In fact, Reynolds wants to remember this year and wants Ryker to know about it too. So, she made a scrap book so he could see what the world was like during this time. 

"I wanted to show, I wanted him to see everything. I wanted him to know," Reynolds said.

The last pages are blank and ready to be filled with more hopeful memories.

“A lot of hope in these pages," she laughs. "A lot of hope, yeah.”

She hopes for a bright future – a future a pair of newly weds are hopeful for, too.

"That is the crazy part to me. I never would have thought in a million years from home in a shutdown, I would find the love of my life," giggles Alicia Harris, a newlywed. 

In 2020, Alicia's last name was Henry, and she had never met Norman Harris. But, at the start of the pandemic, a setup from friends led to the socially-distanted beginning of happily ever after. 

“You have to meet each other where we are and make the best of it. And that is what we did," Norman Harris said.

The pair knew it was meant to be pretty quick, and they decided to marry on Valentine's Day 2021. 

“Ya know don’t give up on hope and love, and it will happen when you least expect it. Because I wouldn’t have thought with getting sick with COVID, that I would find my future husband," Alicia said. 

“It just goes to show you, sometimes blessings are just around the corner. We just have to be willing to accept," said Norman. 

The truth is blessings came by the millions this past year. They came when people set their minds to help one another – story after story of people helping their fellow man began to spread. 

“Yeah, it was overwhelming to see the response of volunteers," Tim Marks said.

As CEO & President of Metropolitan Ministries, Marks said the cry for help has been loud.
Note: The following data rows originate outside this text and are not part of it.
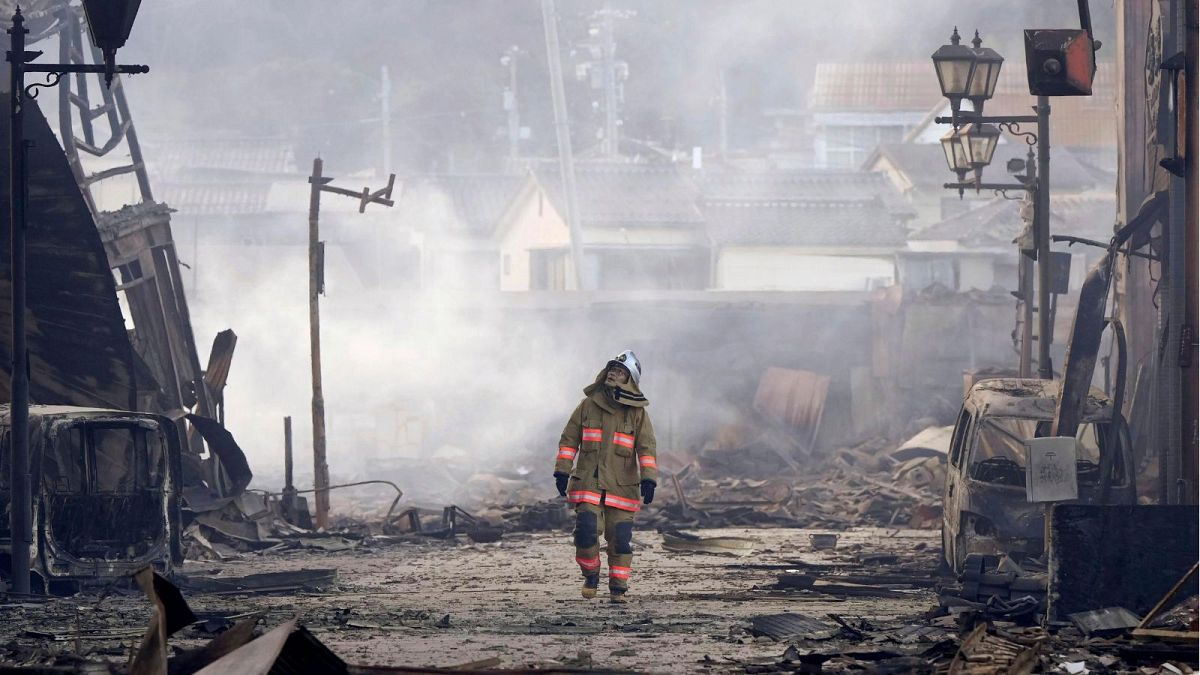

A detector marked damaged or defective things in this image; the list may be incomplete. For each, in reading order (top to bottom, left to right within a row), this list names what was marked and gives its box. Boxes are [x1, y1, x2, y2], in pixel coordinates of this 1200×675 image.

burned vehicle [0, 403, 182, 588]
burnt car frame [0, 403, 182, 588]
burned roof of car [960, 374, 1108, 417]
burned vehicle [936, 374, 1132, 569]
burnt car frame [940, 374, 1128, 569]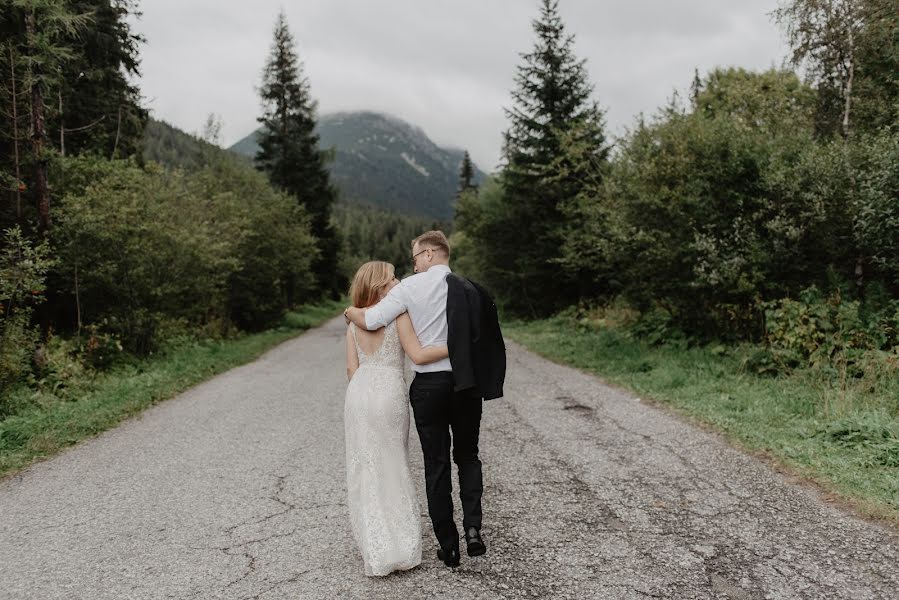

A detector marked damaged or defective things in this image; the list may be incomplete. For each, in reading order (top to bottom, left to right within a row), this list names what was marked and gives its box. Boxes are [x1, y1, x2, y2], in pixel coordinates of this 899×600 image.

cracked asphalt road [1, 316, 899, 596]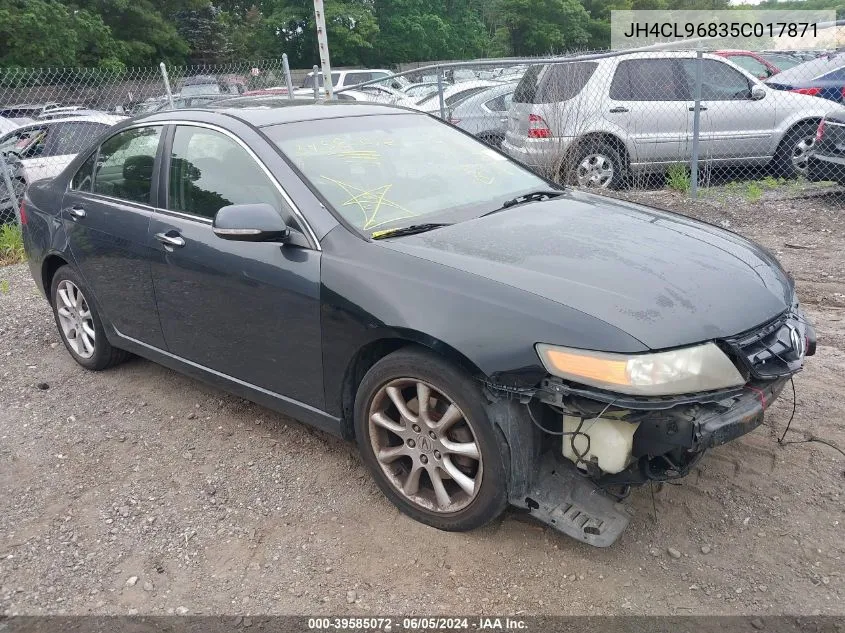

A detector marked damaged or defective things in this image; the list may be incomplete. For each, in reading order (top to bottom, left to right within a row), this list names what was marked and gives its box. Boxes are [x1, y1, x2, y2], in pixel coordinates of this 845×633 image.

damaged acura tsx [19, 102, 812, 544]
broken headlight [536, 340, 744, 396]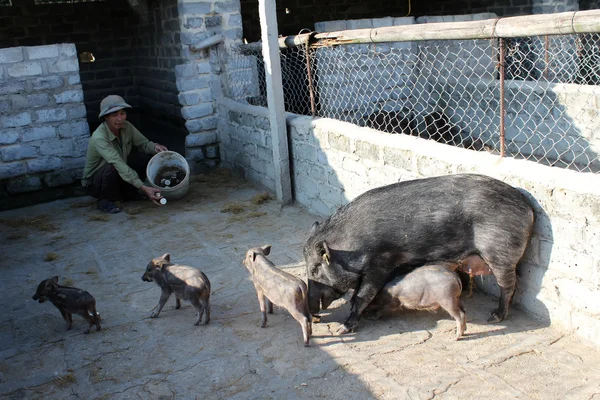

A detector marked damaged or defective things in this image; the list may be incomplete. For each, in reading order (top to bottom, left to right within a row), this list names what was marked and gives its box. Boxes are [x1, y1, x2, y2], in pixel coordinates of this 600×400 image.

cracked concrete ground [1, 170, 600, 398]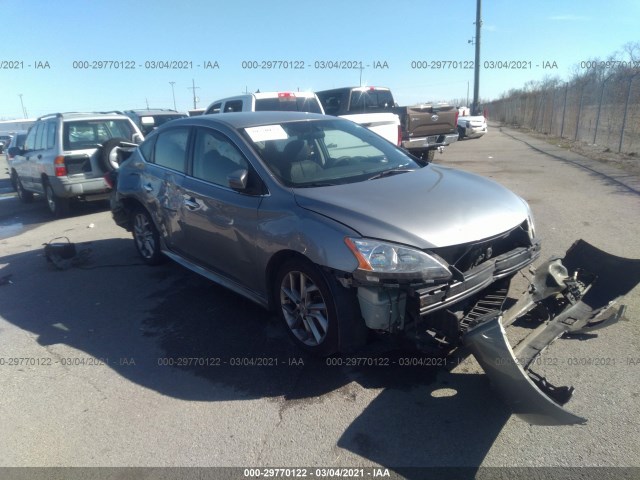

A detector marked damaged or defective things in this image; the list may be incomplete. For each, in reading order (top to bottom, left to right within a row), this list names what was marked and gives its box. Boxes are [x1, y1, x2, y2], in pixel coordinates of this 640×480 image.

crumpled fender [462, 239, 636, 424]
detached bumper piece [464, 239, 640, 424]
damaged front bumper [464, 239, 640, 424]
damaged rear door [464, 242, 640, 426]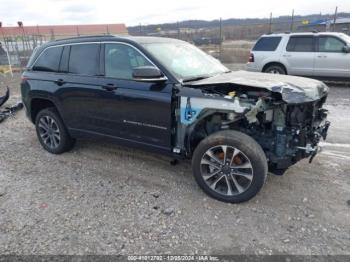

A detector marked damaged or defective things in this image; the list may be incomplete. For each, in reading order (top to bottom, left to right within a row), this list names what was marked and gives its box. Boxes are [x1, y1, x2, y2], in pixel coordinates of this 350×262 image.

damaged black suv [20, 35, 330, 203]
bent hood [186, 70, 328, 103]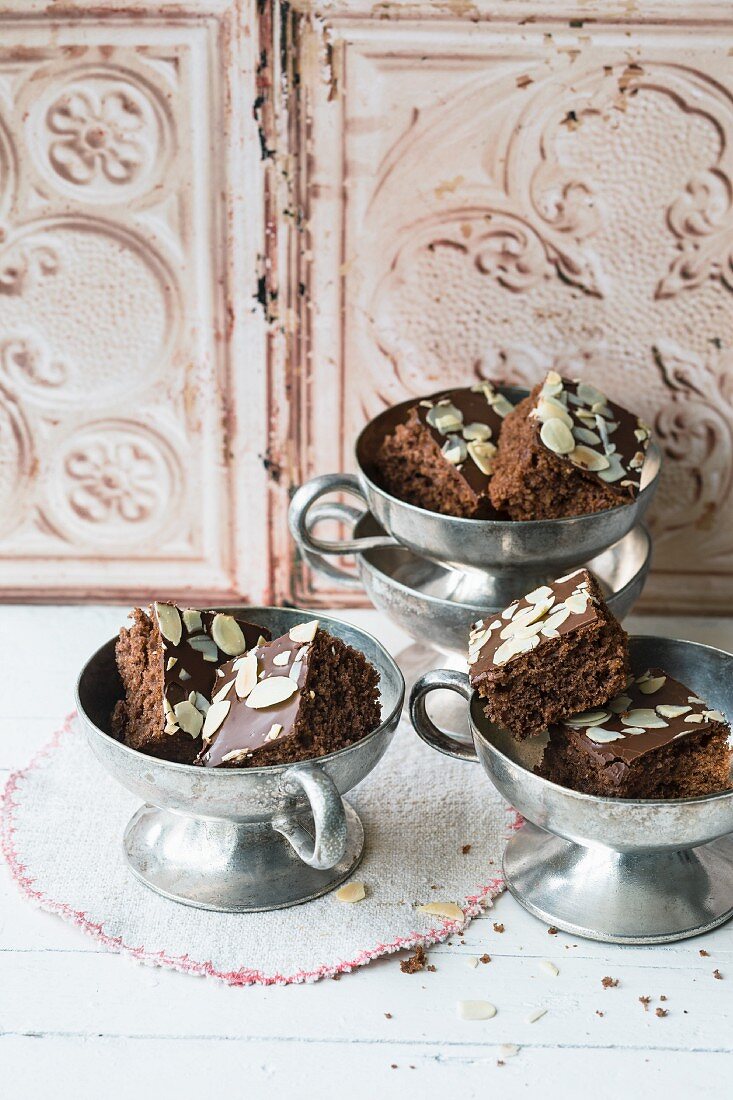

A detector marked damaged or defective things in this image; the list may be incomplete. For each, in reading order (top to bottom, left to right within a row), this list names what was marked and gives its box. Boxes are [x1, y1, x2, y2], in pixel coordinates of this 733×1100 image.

rusty metal panel [275, 4, 733, 616]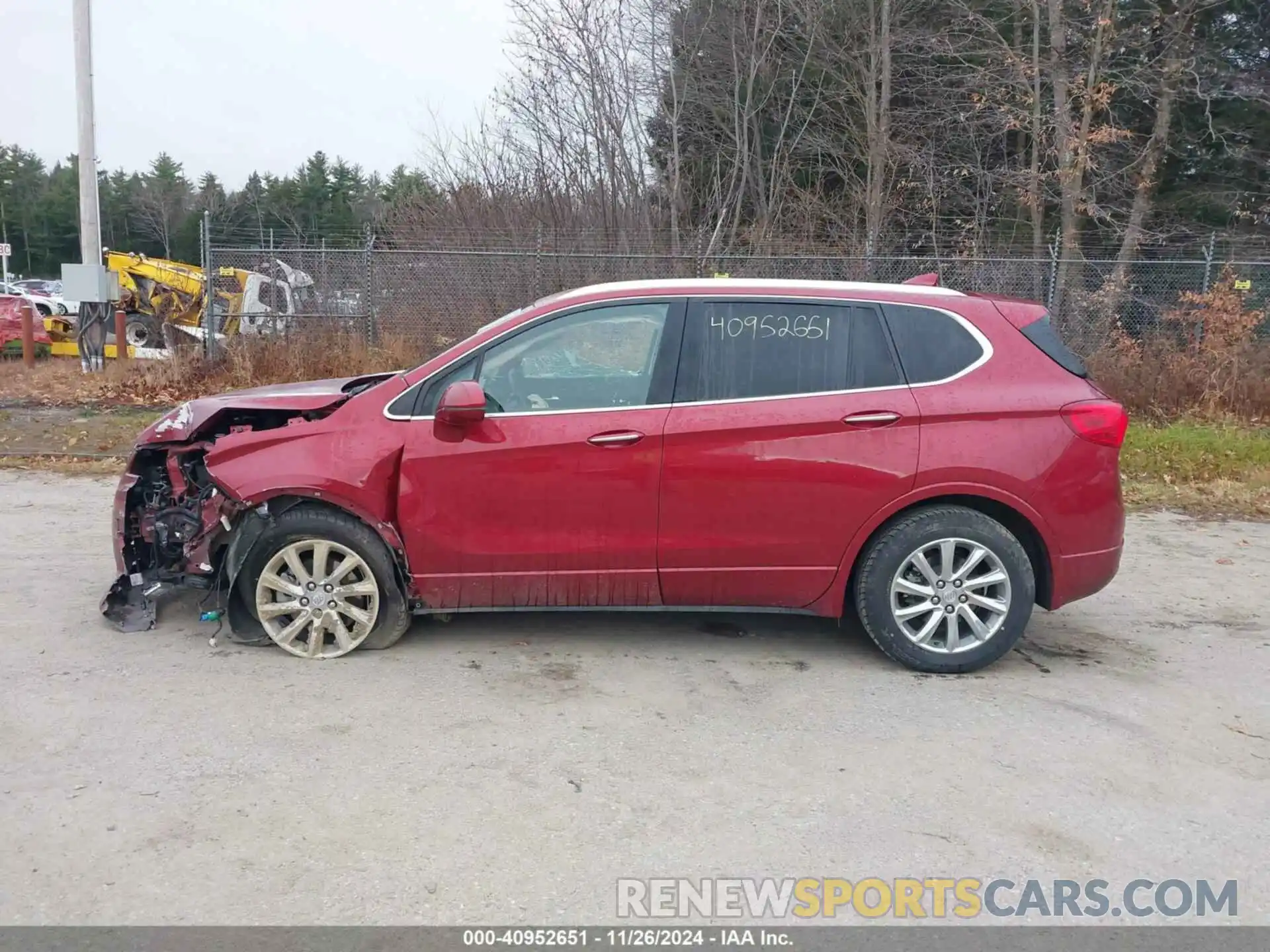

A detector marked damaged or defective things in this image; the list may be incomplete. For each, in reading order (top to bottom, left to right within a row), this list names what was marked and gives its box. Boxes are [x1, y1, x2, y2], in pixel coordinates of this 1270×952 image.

But the act of giving is louder.

“Giving went up as a result of the pandemic," said Marks. "We thought we would be shutting down programs. We expanded programs.”

People did things outside of their job descriptions this past year. But, one big thing we all had to do for one another, was to sometimes do nothing at all. 

“Oh God, our church was so alive," said Deacon Ben Hooks. 

St. Peter Claver Catholic normally sits a good 200 people for a service, but over the past twelve months it's been a very different sight. 

But fewer in numbers doesn't mean people have lost hope. 

“Faith, faith, that no matter what happens God is always with us," said Hooks. "It fills them, and it sustains them."

As the human race, we did learn, and we did grow during this pandemic. We learned we need to live for the now and to live in the moment when it is upon us. 

“I am married, I am happy, and I believe I have a very, very bright future with Alicia Harris," laughs the newlyweds. 

There are things this pandemic could never take away. Qualities like perserverence, hope, love, caring and faith will always outlast any virus.